▶ **THE INPUT**
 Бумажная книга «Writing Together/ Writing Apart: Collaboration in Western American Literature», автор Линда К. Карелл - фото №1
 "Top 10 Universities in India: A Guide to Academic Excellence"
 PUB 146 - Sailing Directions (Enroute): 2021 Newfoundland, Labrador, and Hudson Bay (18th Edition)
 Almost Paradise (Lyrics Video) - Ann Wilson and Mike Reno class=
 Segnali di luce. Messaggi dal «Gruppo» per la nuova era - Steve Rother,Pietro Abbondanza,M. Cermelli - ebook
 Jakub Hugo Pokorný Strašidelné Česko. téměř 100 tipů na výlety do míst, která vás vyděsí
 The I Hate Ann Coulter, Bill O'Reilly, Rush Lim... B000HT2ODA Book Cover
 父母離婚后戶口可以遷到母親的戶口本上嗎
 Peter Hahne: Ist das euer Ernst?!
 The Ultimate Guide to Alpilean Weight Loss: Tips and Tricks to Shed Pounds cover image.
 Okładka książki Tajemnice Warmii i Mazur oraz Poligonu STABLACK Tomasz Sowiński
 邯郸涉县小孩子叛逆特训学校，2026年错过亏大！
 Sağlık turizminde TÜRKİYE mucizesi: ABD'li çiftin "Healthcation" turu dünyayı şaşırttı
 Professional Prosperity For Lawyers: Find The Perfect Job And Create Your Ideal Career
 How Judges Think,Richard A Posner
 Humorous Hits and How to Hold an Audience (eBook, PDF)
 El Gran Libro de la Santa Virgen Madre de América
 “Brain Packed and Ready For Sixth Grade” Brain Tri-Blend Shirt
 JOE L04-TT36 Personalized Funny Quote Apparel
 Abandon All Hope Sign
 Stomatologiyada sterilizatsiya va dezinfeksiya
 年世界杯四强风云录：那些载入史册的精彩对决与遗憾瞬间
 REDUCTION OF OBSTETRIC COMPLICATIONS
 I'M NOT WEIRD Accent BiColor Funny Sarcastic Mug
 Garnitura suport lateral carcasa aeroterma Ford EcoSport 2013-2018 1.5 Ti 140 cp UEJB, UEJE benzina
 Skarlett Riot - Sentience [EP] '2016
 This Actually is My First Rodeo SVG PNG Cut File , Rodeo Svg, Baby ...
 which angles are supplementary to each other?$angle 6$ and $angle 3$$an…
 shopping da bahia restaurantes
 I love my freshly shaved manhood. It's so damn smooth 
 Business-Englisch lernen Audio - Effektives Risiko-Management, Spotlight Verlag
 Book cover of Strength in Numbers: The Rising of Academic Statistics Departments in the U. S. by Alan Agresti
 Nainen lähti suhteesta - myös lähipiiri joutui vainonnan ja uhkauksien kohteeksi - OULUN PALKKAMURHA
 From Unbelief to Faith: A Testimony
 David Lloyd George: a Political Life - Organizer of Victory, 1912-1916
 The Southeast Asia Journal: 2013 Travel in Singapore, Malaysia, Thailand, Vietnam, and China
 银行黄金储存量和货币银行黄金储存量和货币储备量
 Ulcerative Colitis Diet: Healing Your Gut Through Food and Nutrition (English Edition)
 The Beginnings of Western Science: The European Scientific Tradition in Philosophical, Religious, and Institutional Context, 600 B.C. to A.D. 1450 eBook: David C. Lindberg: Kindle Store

▶ **WHAT THIS TASK INVOLVES**
A verbatim copy of all the records is required. Write it out in full.

▶ **ANSWER TO THE PROBLEM**
 Бумажная книга «Writing Together/ Writing Apart: Collaboration in Western American Literature», автор Линда К. Карелл - фото №1
 "Top 10 Universities in India: A Guide to Academic Excellence"
 PUB 146 - Sailing Directions (Enroute): 2021 Newfoundland, Labrador, and Hudson Bay (18th Edition)
 Almost Paradise (Lyrics Video) - Ann Wilson and Mike Reno class=
 Segnali di luce. Messaggi dal «Gruppo» per la nuova era - Steve Rother,Pietro Abbondanza,M. Cermelli - ebook
 Jakub Hugo Pokorný Strašidelné Česko. téměř 100 tipů na výlety do míst, která vás vyděsí
 The I Hate Ann Coulter, Bill O'Reilly, Rush Lim... B000HT2ODA Book Cover
 父母離婚后戶口可以遷到母親的戶口本上嗎
 Peter Hahne: Ist das euer Ernst?!
 The Ultimate Guide to Alpilean Weight Loss: Tips and Tricks to Shed Pounds cover image.
 Okładka książki Tajemnice Warmii i Mazur oraz Poligonu STABLACK Tomasz Sowiński
 邯郸涉县小孩子叛逆特训学校，2026年错过亏大！
 Sağlık turizminde TÜRKİYE mucizesi: ABD'li çiftin "Healthcation" turu dünyayı şaşırttı
 Professional Prosperity For Lawyers: Find The Perfect Job And Create Your Ideal Career
 How Judges Think,Richard A Posner
 Humorous Hits and How to Hold an Audience (eBook, PDF)
 El Gran Libro de la Santa Virgen Madre de América
 “Brain Packed and Ready For Sixth Grade” Brain Tri-Blend Shirt
 JOE L04-TT36 Personalized Funny Quote Apparel
 Abandon All Hope Sign
 Stomatologiyada sterilizatsiya va dezinfeksiya
 年世界杯四强风云录：那些载入史册的精彩对决与遗憾瞬间
 REDUCTION OF OBSTETRIC COMPLICATIONS
 I'M NOT WEIRD Accent BiColor Funny Sarcastic Mug
 Garnitura suport lateral carcasa aeroterma Ford EcoSport 2013-2018 1.5 Ti 140 cp UEJB, UEJE benzina
 Skarlett Riot - Sentience [EP] '2016
 This Actually is My First Rodeo SVG PNG Cut File , Rodeo Svg, Baby ...
 which angles are supplementary to each other?$angle 6$ and $angle 3$$an…
 shopping da bahia restaurantes
 I love my freshly shaved manhood. It's so damn smooth 
 Business-Englisch lernen Audio - Effektives Risiko-Management, Spotlight Verlag
 Book cover of Strength in Numbers: The Rising of Academic Statistics Departments in the U. S. by Alan Agresti
 Nainen lähti suhteesta - myös lähipiiri joutui vainonnan ja uhkauksien kohteeksi - OULUN PALKKAMURHA
 From Unbelief to Faith: A Testimony
 David Lloyd George: a Political Life - Organizer of Victory, 1912-1916
 The Southeast Asia Journal: 2013 Travel in Singapore, Malaysia, Thailand, Vietnam, and China
 银行黄金储存量和货币银行黄金储存量和货币储备量
 Ulcerative Colitis Diet: Healing Your Gut Through Food and Nutrition (English Edition)
 The Beginnings of Western Science: The European Scientific Tradition in Philosophical, Religious, and Institutional Context, 600 B.C. to A.D. 1450 eBook: David C. Lindberg: Kindle Store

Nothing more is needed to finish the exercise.